- Battle of Tver: Part of Russian–Polish War of 1605–1618
| Date | July 21–23, 1609 |
| Location | Near Tver |
| Result | Russo-Swedish victory |

Belligerents
- Tsardom of Russia Kingdom of Sweden German and French mercenaries: Polish–Lithuanian Commonwealth

Commanders and leaders
- Mikhail Skopin-Shuisky Jacob De la Gardie: Aleksander Zborowski

Strength
- Up to 18,000: About 9,000

Casualties and losses
- Unknown: Heavy

= Battle of Tver =

1609 battle

The Battle of Tver took place in two stages on July 21–23, 1609, during the Russo-Polish War between a Russian–Swedish combined army and the Polish–Lithuanian army.

==Background==
After the Battle of Torzhok on June 27, Aleksander Zborowski retreated to Tver, and large reinforcements were sent to his aid. By early July, the Russian army gathered in Torzhok, as well as the Swedes, German, and French mercenaries. Skopin-Shuisky insisted on speedy action until enemy reinforcements arrived. Therefore, they immediately formed regiments, which went to Tver. Mercenaries were distributed among the regiments. The Russian army was as follows:
- Big Regiment – Mikhail Vasilievich Shuisky and Jacob De la Gardie;
- Front Regiment – Golovin Semyon Vasilievich and German captain;
- Watch Regiment – Baryatinsky Yakov Petrovich and German captain.

The Polish–Lithuanian troops under Tver made up 12 regiments, and their main force was 5,000 horsemen of Aleksander Zborowski.

==Course of the battle==
On July 17–18, the Russian army left Torzhok, and on July 21 approached Tver and camped 10 miles from it. The interventionist army took up fortified positions. Therefore, Skopin-Shuisky began to operate in small horse detachments in order to lure the enemy, but the battles of the advanced detachments did not lead to anything.
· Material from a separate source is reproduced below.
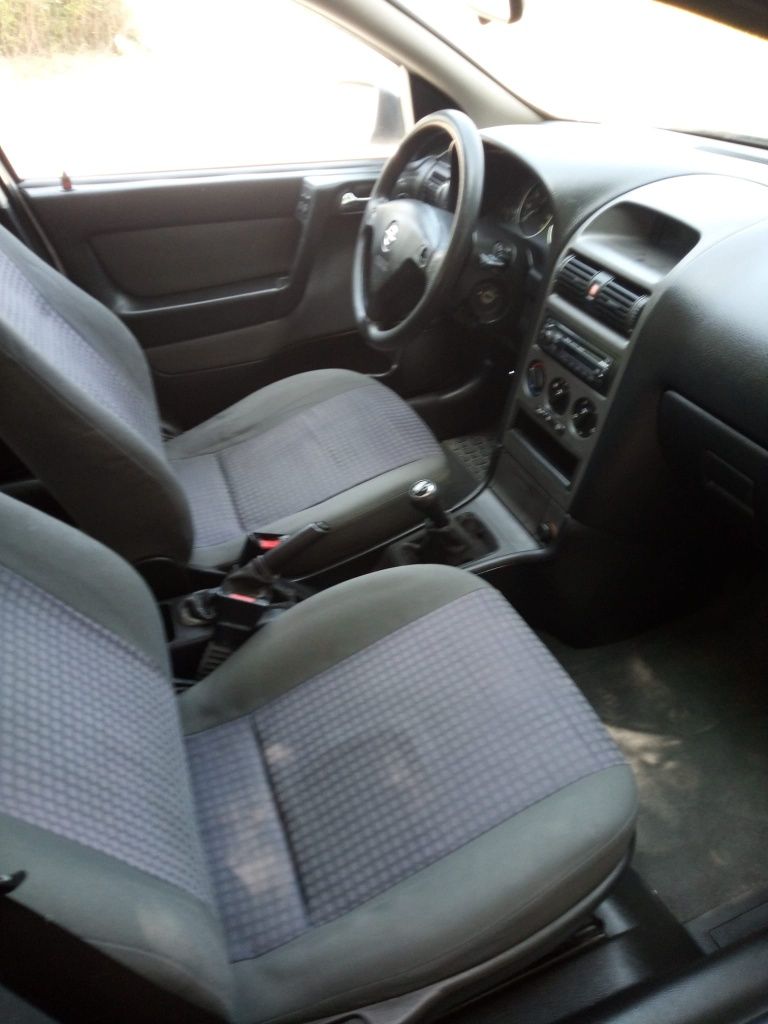 Opel astra 1.4 gasolina de 2003 com Ar condicionado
Then he led the entire army, constructed as follows: in the center stood the Swedish and German infantry, on the left flank – the French and German cavalry, and on the right – the Russian. It was planned by blows from the left flank to distract the enemy army, after which a powerful blow from the right flank to cut it off from the city and push it to the Volga.

However, the Polish cavalry attacked first, concentrating the blow on the left flank. The French and German cavalry could not stand the Polish attack and soon turned into a stampede, having suffered heavy losses. However, the infantry in the center withstood the onslaught and was able to repel it, despite the fact that it was raining heavily (which prevented it from using firearms). The Russian cavalry withstood the attack. By 19 hours the battle was over and the interventionists returned to the fortifications. Soon the remnants of the French–German cavalry returned.
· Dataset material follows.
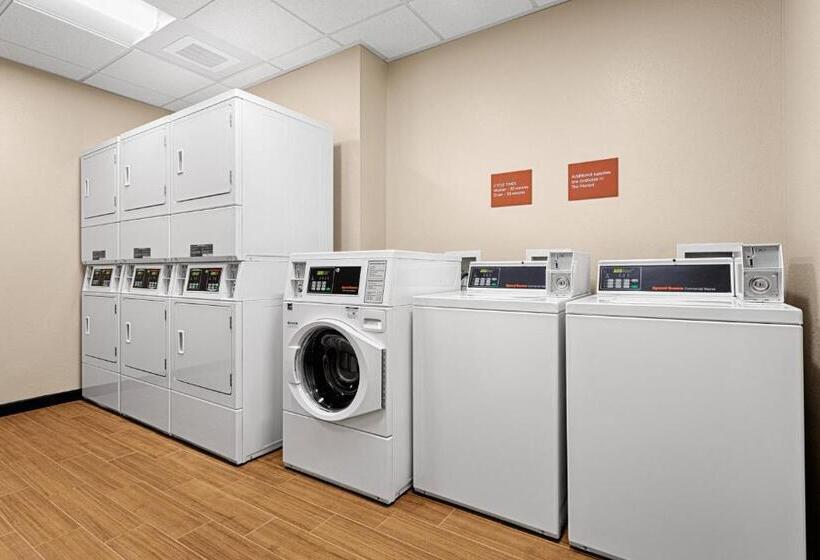 בית מלון כפרי Towneplace Suites By Marriott Charleston Mt. Pleasant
On July 23, in the early morning, Russian and Swedish troops broke into Polish fortifications and a fierce battle began. Then Skopin-Shuisky struck an unexpected blow, which led to victory. Here is what is reported about this attack in The Story of the Victories of the Moscow State:
His warlike people armed themselves with a lot of force, beginning to chase after the Polish people. And by the Divine Grace, and by the wise providence, and by the courage of the boyar and the voivode Prince Mikhail Vasilievich Skopin, we have beaten the Polish and Lithuanian people, and have taken their camps, and have besieged Tver. And under Tver, Russian and German people took a lot of wealth from the Polish people.

From the Polish side, Pastor Conrad Bussow mentioned this:
Skopin and De la Gardie, having won, moved forward, crossed the Volga and occupied Tver; here they met with 5,000 horse-lancers, sent by Dmitry under the command of pan Zborovsky, fought with them and, defeated, fled for the Volga; but they soon became encouraged: the next day they started the battle again and with such courage struck the Poles that Zborovsky could not resist; covered in shame, having lost many soldiers, he retired to the Tushino camp. This failure further embittered Demetrius against the Germans.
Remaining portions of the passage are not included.